Latency, corrected: P95, P99, and the jitter you can't beat
A popular post on the 700ms latency wall drew pushback from the voice-infra community. Three corrections worth keeping: it's not 'fast' but 'well-timed'; track P95/P99 not the average; you don't beat the telco leg, you plan around it.

A while back we argued that voice-AI latency is a wall: under 500ms feels human, ~700ms reads robotic, 900ms+ and callers take over. It struck a nerve — and the people who build voice infrastructure for a living pushed back with corrections sharper than the original post.

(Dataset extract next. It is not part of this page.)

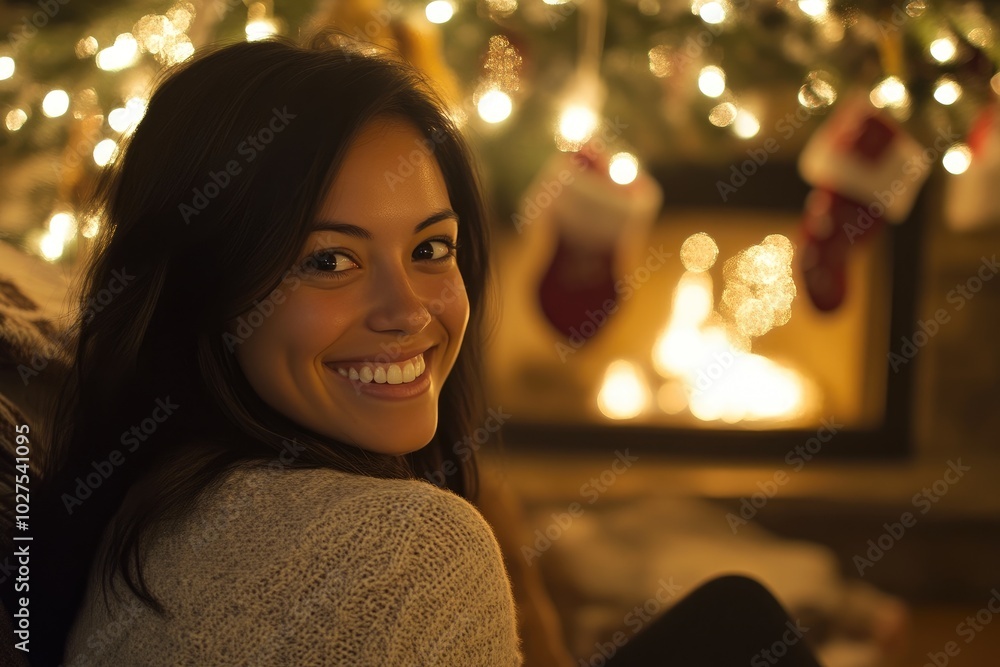 Obraz premium Cozy Evening with Family and Festive Decorations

Here are the three worth keeping.
- It's not fast, it's well-timed. 2. The average lies — track P95/P99. 3. You don't beat the telco leg; you plan around it.
1. "Fast" is the wrong target — "well-timed" is
The instinct is to minimize milliseconds on every turn. But a human doesn't answer every question at the same speed. A confident answer comes back quickly; an uncertain one is preceded by a beat of thought. An agent that always fires instantly can feel as unnatural as one that lags. The goal is a rhythm that fits the conversation — fast when the answer is obvious, a natural pause when it isn't.
2. The average is a vanity metric — P95/P99 is the truth
Callers don't experience your median latency. They experience the worst turns. A clean average can hide a tail where one call in twenty stalls long enough to break. That tail — P95, P99 — is what the customer remembers and what your retention reflects. If you only watch the average, you're optimizing the number nobody feels.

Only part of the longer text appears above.